There is an acknowledgement of the gender pay, pension, representation and investment gaps within the industry. However, one only needs to do a google images search of the word ‘investor’ to see who tends to be left out of the picture when it comes to representations of the primary end user in our industry.

If the perception of an investor is still a male of a certain background, how can the industry create products that genuinely address the needs of the wide spectrum of customers including, of course, women?

The simple answer is that for a long time, our industry sadly hasn’t. In 2021, City Hive conducted a study into the gender and ethnicity investing and pensions inequality which revealed a stark relatability gap for women and ethnic minorities regarding investing.

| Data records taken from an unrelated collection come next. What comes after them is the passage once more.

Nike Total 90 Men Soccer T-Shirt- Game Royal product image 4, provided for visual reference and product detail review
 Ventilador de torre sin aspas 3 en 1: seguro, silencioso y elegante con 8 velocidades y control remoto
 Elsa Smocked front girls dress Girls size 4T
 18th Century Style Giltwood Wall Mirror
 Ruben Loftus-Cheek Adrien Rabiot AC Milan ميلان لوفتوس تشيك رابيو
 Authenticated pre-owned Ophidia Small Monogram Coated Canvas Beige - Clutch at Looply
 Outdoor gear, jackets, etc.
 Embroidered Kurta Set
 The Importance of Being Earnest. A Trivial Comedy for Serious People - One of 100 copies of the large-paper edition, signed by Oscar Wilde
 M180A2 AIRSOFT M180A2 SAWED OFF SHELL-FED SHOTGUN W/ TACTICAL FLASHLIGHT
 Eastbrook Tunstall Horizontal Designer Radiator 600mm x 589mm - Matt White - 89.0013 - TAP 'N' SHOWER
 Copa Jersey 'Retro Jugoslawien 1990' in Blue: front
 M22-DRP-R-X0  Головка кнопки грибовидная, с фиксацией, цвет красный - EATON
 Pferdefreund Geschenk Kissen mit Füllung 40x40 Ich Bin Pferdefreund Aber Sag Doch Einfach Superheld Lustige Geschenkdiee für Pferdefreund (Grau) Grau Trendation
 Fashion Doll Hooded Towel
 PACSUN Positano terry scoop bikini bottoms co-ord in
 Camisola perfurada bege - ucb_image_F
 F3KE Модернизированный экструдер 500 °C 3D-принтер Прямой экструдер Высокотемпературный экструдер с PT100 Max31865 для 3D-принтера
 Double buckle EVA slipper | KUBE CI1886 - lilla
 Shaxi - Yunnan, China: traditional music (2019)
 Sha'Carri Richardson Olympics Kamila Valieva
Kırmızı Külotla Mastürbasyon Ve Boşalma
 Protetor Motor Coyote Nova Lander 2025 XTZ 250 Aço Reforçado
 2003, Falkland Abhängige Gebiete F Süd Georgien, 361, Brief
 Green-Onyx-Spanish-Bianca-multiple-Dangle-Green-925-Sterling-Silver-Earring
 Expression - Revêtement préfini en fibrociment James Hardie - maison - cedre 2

The lack of relatable role models in marketing materials, and representation within the industry was leaving minorities feeling ignored, and therefore less willing to engage with investing. In turn, the industry is missing out on millions of pounds that could be invested due to people believing the industry does not serve or represent them.

But what is actually behind the gender gap? While Criado Perez has openly said that she was unable to prove why the gender data gap exists, we can gauge why the investment industry is not quite as representative of society as it should be.

As our research showed, there is a powerful need for relatable, trustworthy role models that can encourage those who feel excluded from the industry to step into it. People want to see themselves positively and realistically represented and are eager for clear examples of how they can control their own financial stories.

There is hope for the gap though, as a growing market of social media influencers, and newer female-focused investment platforms such as rainchq and Vestpod have sought to engage more women in investing, and address gender financial inequality.

While there has been positive progress, the industry is still very much male dominated. Only one in 10 portfolio managers is female for example. This lack of diversity among decision makers has a major impact on the perception of end users, and the way that products are being designed and marketed.  

The lack of diversity does not simply begin and end with investment firms. The diversity of the entire supply chain, from recruiters, to PR, marketing and advertising firms needs to be examined to ensure it can better reflect, and appeal to women, minorities and other customers that are too often overlooked.   

With the discrepancies over gender pay, investment, representation and pensions already hanging over our heads, it might feel like the last thing we want to do is tackle yet another gender gap.

However, acknowledging and addressing the gender data gap is not only the right thing to do, but it could also widen the potential customer pool, and help the industry recoup the millions it is missing from those believe that investing is simply not for them.